• [EXERCISE BRIEF]: An exact copy of every record is required.

• [THE DATA]:
····················

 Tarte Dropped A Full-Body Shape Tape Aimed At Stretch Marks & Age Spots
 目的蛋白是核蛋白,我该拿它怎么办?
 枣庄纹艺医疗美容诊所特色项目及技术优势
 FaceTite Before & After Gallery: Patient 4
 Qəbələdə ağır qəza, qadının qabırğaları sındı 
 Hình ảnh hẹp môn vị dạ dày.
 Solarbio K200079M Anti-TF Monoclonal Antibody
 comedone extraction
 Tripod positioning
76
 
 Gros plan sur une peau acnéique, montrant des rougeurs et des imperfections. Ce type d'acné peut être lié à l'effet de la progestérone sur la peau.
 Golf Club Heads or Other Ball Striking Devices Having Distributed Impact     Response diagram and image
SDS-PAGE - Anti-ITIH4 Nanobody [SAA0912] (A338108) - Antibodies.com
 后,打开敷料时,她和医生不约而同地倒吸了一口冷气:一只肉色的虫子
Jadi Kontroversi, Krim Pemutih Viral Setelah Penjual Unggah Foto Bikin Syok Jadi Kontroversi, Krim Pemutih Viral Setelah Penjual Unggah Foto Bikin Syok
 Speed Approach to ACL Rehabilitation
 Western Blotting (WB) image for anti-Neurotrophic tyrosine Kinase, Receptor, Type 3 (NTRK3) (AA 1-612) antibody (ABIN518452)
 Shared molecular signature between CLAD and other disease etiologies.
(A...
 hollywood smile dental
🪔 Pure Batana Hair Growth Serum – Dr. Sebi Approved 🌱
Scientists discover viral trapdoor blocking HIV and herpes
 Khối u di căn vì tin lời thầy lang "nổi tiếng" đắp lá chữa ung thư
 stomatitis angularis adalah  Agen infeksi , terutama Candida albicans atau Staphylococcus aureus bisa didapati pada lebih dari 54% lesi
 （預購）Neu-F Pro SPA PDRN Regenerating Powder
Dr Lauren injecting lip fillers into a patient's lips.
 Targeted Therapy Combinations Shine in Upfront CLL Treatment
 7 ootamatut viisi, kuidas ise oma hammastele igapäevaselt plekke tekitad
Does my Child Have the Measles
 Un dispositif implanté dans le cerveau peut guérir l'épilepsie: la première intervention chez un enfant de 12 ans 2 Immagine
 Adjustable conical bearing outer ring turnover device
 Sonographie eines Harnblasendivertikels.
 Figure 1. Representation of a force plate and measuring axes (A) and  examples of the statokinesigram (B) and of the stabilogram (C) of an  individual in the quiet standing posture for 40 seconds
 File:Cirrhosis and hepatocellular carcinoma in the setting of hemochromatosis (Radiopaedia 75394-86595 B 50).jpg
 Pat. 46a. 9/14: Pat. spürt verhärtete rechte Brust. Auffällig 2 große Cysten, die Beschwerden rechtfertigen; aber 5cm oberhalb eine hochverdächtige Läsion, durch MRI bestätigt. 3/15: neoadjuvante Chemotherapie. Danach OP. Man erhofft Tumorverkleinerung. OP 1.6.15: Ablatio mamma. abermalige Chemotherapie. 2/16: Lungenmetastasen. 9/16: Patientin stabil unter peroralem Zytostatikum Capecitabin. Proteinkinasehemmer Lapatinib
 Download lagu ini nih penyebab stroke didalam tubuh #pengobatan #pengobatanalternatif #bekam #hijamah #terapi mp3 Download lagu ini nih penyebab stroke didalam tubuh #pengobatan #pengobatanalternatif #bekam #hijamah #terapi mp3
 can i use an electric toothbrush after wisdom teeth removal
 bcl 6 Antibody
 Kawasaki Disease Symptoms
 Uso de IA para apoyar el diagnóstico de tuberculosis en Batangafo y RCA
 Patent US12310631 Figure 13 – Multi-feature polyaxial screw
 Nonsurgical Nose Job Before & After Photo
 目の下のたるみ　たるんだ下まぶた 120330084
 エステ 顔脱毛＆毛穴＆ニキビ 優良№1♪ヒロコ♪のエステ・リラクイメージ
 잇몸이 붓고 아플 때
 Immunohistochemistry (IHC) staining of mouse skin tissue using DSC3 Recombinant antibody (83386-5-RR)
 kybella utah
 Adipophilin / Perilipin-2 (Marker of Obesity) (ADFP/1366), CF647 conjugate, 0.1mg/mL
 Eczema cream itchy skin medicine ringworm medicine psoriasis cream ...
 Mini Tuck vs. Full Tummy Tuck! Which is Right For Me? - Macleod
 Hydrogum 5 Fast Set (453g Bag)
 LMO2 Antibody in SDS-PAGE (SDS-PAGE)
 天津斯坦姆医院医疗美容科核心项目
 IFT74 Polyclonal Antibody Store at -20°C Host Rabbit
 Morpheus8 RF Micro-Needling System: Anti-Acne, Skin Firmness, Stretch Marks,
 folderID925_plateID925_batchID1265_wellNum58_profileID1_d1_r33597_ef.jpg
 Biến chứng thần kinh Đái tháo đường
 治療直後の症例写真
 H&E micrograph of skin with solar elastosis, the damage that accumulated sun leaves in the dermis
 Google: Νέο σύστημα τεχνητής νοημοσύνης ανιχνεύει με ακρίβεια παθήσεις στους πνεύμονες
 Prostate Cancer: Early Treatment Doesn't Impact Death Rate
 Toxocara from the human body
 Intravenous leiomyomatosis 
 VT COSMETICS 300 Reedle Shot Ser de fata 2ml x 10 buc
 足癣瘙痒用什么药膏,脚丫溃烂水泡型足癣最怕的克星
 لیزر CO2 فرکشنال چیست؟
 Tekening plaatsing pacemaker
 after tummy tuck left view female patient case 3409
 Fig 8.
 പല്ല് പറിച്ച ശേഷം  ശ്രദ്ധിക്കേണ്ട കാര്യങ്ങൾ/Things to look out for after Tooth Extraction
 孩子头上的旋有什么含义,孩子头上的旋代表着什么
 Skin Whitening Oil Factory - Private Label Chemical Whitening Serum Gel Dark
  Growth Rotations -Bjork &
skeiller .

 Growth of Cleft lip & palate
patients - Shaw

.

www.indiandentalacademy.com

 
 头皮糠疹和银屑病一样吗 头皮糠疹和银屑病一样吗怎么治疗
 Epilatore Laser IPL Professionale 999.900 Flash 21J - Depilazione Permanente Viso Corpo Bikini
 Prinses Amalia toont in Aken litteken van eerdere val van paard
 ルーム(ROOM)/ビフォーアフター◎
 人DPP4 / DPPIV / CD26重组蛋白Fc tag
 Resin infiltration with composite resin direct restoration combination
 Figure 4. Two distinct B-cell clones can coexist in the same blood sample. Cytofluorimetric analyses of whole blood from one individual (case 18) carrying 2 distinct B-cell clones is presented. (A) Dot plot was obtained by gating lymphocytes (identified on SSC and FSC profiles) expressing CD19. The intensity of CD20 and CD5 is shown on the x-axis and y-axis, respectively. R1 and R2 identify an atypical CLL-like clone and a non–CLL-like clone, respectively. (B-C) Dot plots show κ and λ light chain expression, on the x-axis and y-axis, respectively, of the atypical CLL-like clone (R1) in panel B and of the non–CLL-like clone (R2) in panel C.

····················

• [EXPECTED ANSWER]:
 Tarte Dropped A Full-Body Shape Tape Aimed At Stretch Marks & Age Spots
 目的蛋白是核蛋白,我该拿它怎么办?
 枣庄纹艺医疗美容诊所特色项目及技术优势
 FaceTite Before & After Gallery: Patient 4
 Qəbələdə ağır qəza, qadının qabırğaları sındı 
 Hình ảnh hẹp môn vị dạ dày.
 Solarbio K200079M Anti-TF Monoclonal Antibody
 comedone extraction
 Tripod positioning
76
 
 Gros plan sur une peau acnéique, montrant des rougeurs et des imperfections. Ce type d'acné peut être lié à l'effet de la progestérone sur la peau.
 Golf Club Heads or Other Ball Striking Devices Having Distributed Impact     Response diagram and image
SDS-PAGE - Anti-ITIH4 Nanobody [SAA0912] (A338108) - Antibodies.com
 后,打开敷料时,她和医生不约而同地倒吸了一口冷气:一只肉色的虫子
Jadi Kontroversi, Krim Pemutih Viral Setelah Penjual Unggah Foto Bikin Syok Jadi Kontroversi, Krim Pemutih Viral Setelah Penjual Unggah Foto Bikin Syok
 Speed Approach to ACL Rehabilitation
 Western Blotting (WB) image for anti-Neurotrophic tyrosine Kinase, Receptor, Type 3 (NTRK3) (AA 1-612) antibody (ABIN518452)
 Shared molecular signature between CLAD and other disease etiologies.
(A...
 hollywood smile dental
🪔 Pure Batana Hair Growth Serum – Dr. Sebi Approved 🌱
Scientists discover viral trapdoor blocking HIV and herpes
 Khối u di căn vì tin lời thầy lang "nổi tiếng" đắp lá chữa ung thư
 stomatitis angularis adalah  Agen infeksi , terutama Candida albicans atau Staphylococcus aureus bisa didapati pada lebih dari 54% lesi
 （預購）Neu-F Pro SPA PDRN Regenerating Powder
Dr Lauren injecting lip fillers into a patient's lips.
 Targeted Therapy Combinations Shine in Upfront CLL Treatment
 7 ootamatut viisi, kuidas ise oma hammastele igapäevaselt plekke tekitad
Does my Child Have the Measles
 Un dispositif implanté dans le cerveau peut guérir l'épilepsie: la première intervention chez un enfant de 12 ans 2 Immagine
 Adjustable conical bearing outer ring turnover device
 Sonographie eines Harnblasendivertikels.
 Figure 1. Representation of a force plate and measuring axes (A) and  examples of the statokinesigram (B) and of the stabilogram (C) of an  individual in the quiet standing posture for 40 seconds
 File:Cirrhosis and hepatocellular carcinoma in the setting of hemochromatosis (Radiopaedia 75394-86595 B 50).jpg
 Pat. 46a. 9/14: Pat. spürt verhärtete rechte Brust. Auffällig 2 große Cysten, die Beschwerden rechtfertigen; aber 5cm oberhalb eine hochverdächtige Läsion, durch MRI bestätigt. 3/15: neoadjuvante Chemotherapie. Danach OP. Man erhofft Tumorverkleinerung. OP 1.6.15: Ablatio mamma. abermalige Chemotherapie. 2/16: Lungenmetastasen. 9/16: Patientin stabil unter peroralem Zytostatikum Capecitabin. Proteinkinasehemmer Lapatinib
 Download lagu ini nih penyebab stroke didalam tubuh #pengobatan #pengobatanalternatif #bekam #hijamah #terapi mp3 Download lagu ini nih penyebab stroke didalam tubuh #pengobatan #pengobatanalternatif #bekam #hijamah #terapi mp3
 can i use an electric toothbrush after wisdom teeth removal
 bcl 6 Antibody
 Kawasaki Disease Symptoms
 Uso de IA para apoyar el diagnóstico de tuberculosis en Batangafo y RCA
 Patent US12310631 Figure 13 – Multi-feature polyaxial screw
 Nonsurgical Nose Job Before & After Photo
 目の下のたるみ　たるんだ下まぶた 120330084
 エステ 顔脱毛＆毛穴＆ニキビ 優良№1♪ヒロコ♪のエステ・リラクイメージ
 잇몸이 붓고 아플 때
 Immunohistochemistry (IHC) staining of mouse skin tissue using DSC3 Recombinant antibody (83386-5-RR)
 kybella utah
 Adipophilin / Perilipin-2 (Marker of Obesity) (ADFP/1366), CF647 conjugate, 0.1mg/mL
 Eczema cream itchy skin medicine ringworm medicine psoriasis cream ...
 Mini Tuck vs. Full Tummy Tuck! Which is Right For Me? - Macleod
 Hydrogum 5 Fast Set (453g Bag)
 LMO2 Antibody in SDS-PAGE (SDS-PAGE)
 天津斯坦姆医院医疗美容科核心项目
 IFT74 Polyclonal Antibody Store at -20°C Host Rabbit
 Morpheus8 RF Micro-Needling System: Anti-Acne, Skin Firmness, Stretch Marks,
 folderID925_plateID925_batchID1265_wellNum58_profileID1_d1_r33597_ef.jpg
 Biến chứng thần kinh Đái tháo đường
 治療直後の症例写真
 H&E micrograph of skin with solar elastosis, the damage that accumulated sun leaves in the dermis
 Google: Νέο σύστημα τεχνητής νοημοσύνης ανιχνεύει με ακρίβεια παθήσεις στους πνεύμονες
 Prostate Cancer: Early Treatment Doesn't Impact Death Rate
 Toxocara from the human body
 Intravenous leiomyomatosis 
 VT COSMETICS 300 Reedle Shot Ser de fata 2ml x 10 buc
 足癣瘙痒用什么药膏,脚丫溃烂水泡型足癣最怕的克星
 لیزر CO2 فرکشنال چیست؟
 Tekening plaatsing pacemaker
 after tummy tuck left view female patient case 3409
 Fig 8.
 പല്ല് പറിച്ച ശേഷം  ശ്രദ്ധിക്കേണ്ട കാര്യങ്ങൾ/Things to look out for after Tooth Extraction
 孩子头上的旋有什么含义,孩子头上的旋代表着什么
 Skin Whitening Oil Factory - Private Label Chemical Whitening Serum Gel Dark
  Growth Rotations -Bjork &
skeiller .

 Growth of Cleft lip & palate
patients - Shaw

.

www.indiandentalacademy.com

 
 头皮糠疹和银屑病一样吗 头皮糠疹和银屑病一样吗怎么治疗
 Epilatore Laser IPL Professionale 999.900 Flash 21J - Depilazione Permanente Viso Corpo Bikini
 Prinses Amalia toont in Aken litteken van eerdere val van paard
 ルーム(ROOM)/ビフォーアフター◎
 人DPP4 / DPPIV / CD26重组蛋白Fc tag
 Resin infiltration with composite resin direct restoration combination
 Figure 4. Two distinct B-cell clones can coexist in the same blood sample. Cytofluorimetric analyses of whole blood from one individual (case 18) carrying 2 distinct B-cell clones is presented. (A) Dot plot was obtained by gating lymphocytes (identified on SSC and FSC profiles) expressing CD19. The intensity of CD20 and CD5 is shown on the x-axis and y-axis, respectively. R1 and R2 identify an atypical CLL-like clone and a non–CLL-like clone, respectively. (B-C) Dot plots show κ and λ light chain expression, on the x-axis and y-axis, respectively, of the atypical CLL-like clone (R1) in panel B and of the non–CLL-like clone (R2) in panel C.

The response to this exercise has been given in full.